CALL fhoffa.x.pivot( 'bigquery-public-data.iowa_liquor_sales.sales' # source table , 'fh-bigquery.temp.test' # destination table , ['date'] # row_ids , 'store_number' # pivot_col_name , 'sale_dollars' # pivot_col_value , 30 # max_columns , 'SUM' # aggregation , '' # optional_limit );
If you are summing across a particular column, use the SUM() function as described above. If you’re pulling out the values themselves, you would use AVG(), MA(), or ANY_VALUE(). For example if you wanted to preserve all the article names that look like “google” and put that in the “google_views” column you would use: MAX((IF(title LIKE '%google%', title, NULL)) google_views.
Many pivot use-cases can be handled with the public stored procedure fhoffa.x.pivot(). More information can be found here: https://towardsdatascience.com/easy-pivot-in-bigquery-one-step-5a1f13c6c710
You have a BigQuery table that you need to add a partitioned column and clustered columns to increase query performance and decrease query costs.
BigQuery Standard SQL allows you to create a new table with the partitioned and clustered columns and populate it in the same statement with an AS clause. Note, it will not be the same table, though you could do this in place?
Validate the source table doesn’t have partitioned or clustered columns. Notice the lack of columns on the right
bq show bigquery-public-data:london_bicycles.cycle_hire
Outputs:
Dry-run a time-based query to see how much data is scanned.

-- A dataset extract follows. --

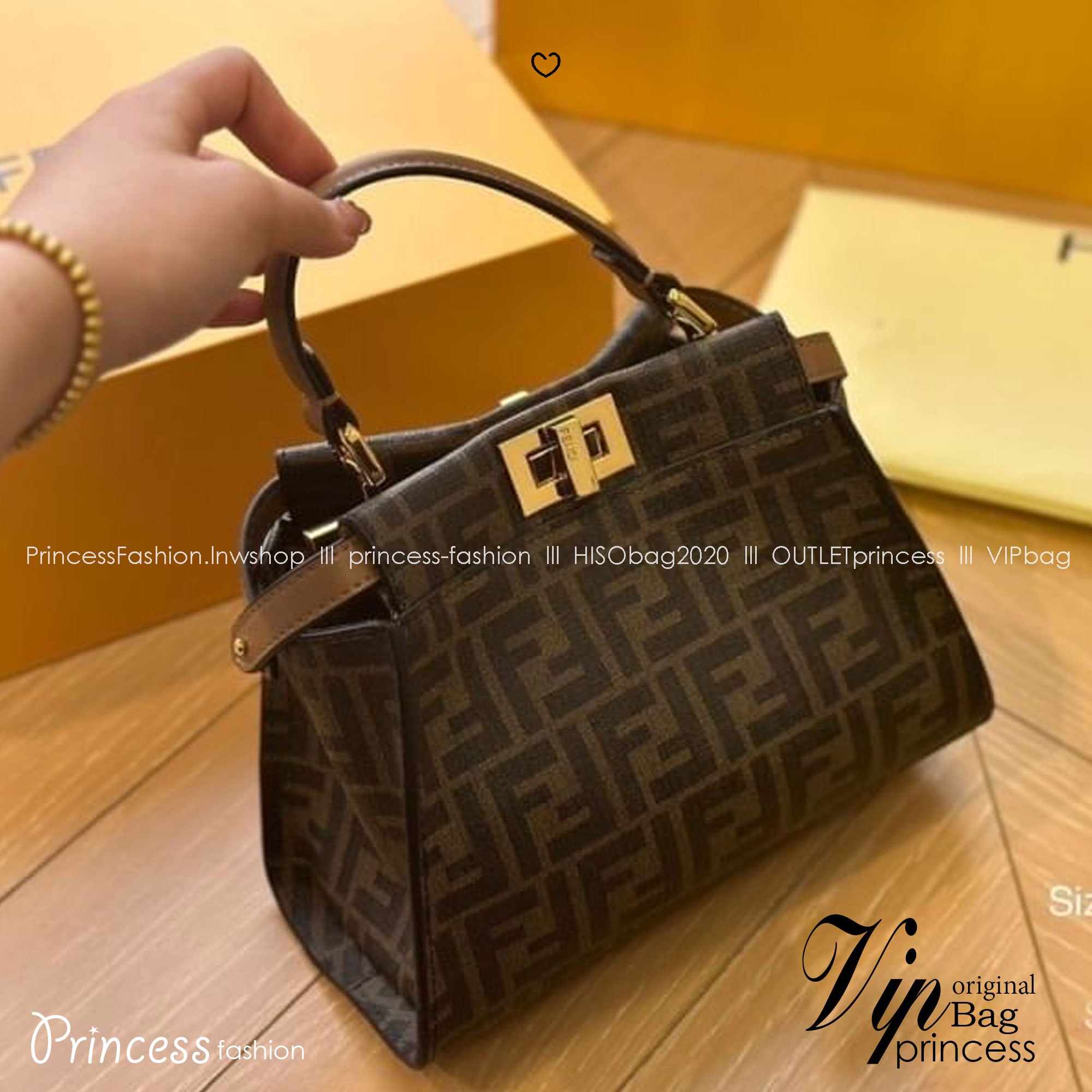 FENDI Peekaboo IseeU Petite canvas ff bag กระเป๋าสะพายหนังแคนวาส ทรงที่เป็นเอกลักษณ์ของแบรนด์ พิมพ์ลายโมโนแกรมเต็มใบ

# pre-partitioned dry run QUERY=' SELECT duration, bike_id, start_date, start_station_name, end_date, end_station_name FROM `bigquery-public-data.london_bicycles.cycle_hire` WHERE EXTRACT(DATE FROM start_date ) = "2016-04-03" AND EXTRACT(DATE FROM end_date ) = "2016-04-03" ORDER BY duration DESC LIMIT 5 ' bq query --use_legacy_sql=false --location=EU --dry_run $QUERY
Create a new table in your dataset, indicating the partitioned and schema columns.
CREATE OR REPLACE TABLE mydataset1.cycle_hire_partitiond_clustered PARTITION BY DATE(start_date) CLUSTER BY bike_id OPTIONS( expiration_timestamp=TIMESTAMP "2025-01-01 00:00:00 UTC", description="My partitioned and clustered cycle_hire table", labels=[("cookbook_query", "development")] ) AS SELECT * FROM `bigquery-public-data.london_bicycles.cycle_hire`
Validate that the destination table does have partitioned or clustered columns.
bq show mydataset.cycle_hire_partitiond_clustered
Dry-run query on new table
# post-partitioned dry run QUERY=' SELECT duration, bike_id, start_date, start_station_name, end_date, end_station_name FROM `dhodun1.mydataset.cycle_hire_partitioned_clustered` WHERE EXTRACT(DATE FROM start_date ) = "2016-04-03" AND EXTRACT(DATE FROM end_date ) = "2016-04-03" ORDER BY duration DESC LIMIT 5 ' bq query --use_legacy_sql=false --location=EU --dry_run $QUERY # Should output that query will process 2MB
You want to return the top item from a sorted list in a BigQuery query, but your dataset is particularly large and causing issues with the ROW_NUMBER() OVER() windowing function since you’re forcing a full sort of the dataset.
You can apply a trick with ARRAY_AGG(x LIMIT 1)[OFFSET(0)] which will allow BigQuery to drop all data that isn’t the number 1 row, increasing query performance.
Run a query using ROW_NUMBER OVER() windowing function. This query should succeed but will take a while.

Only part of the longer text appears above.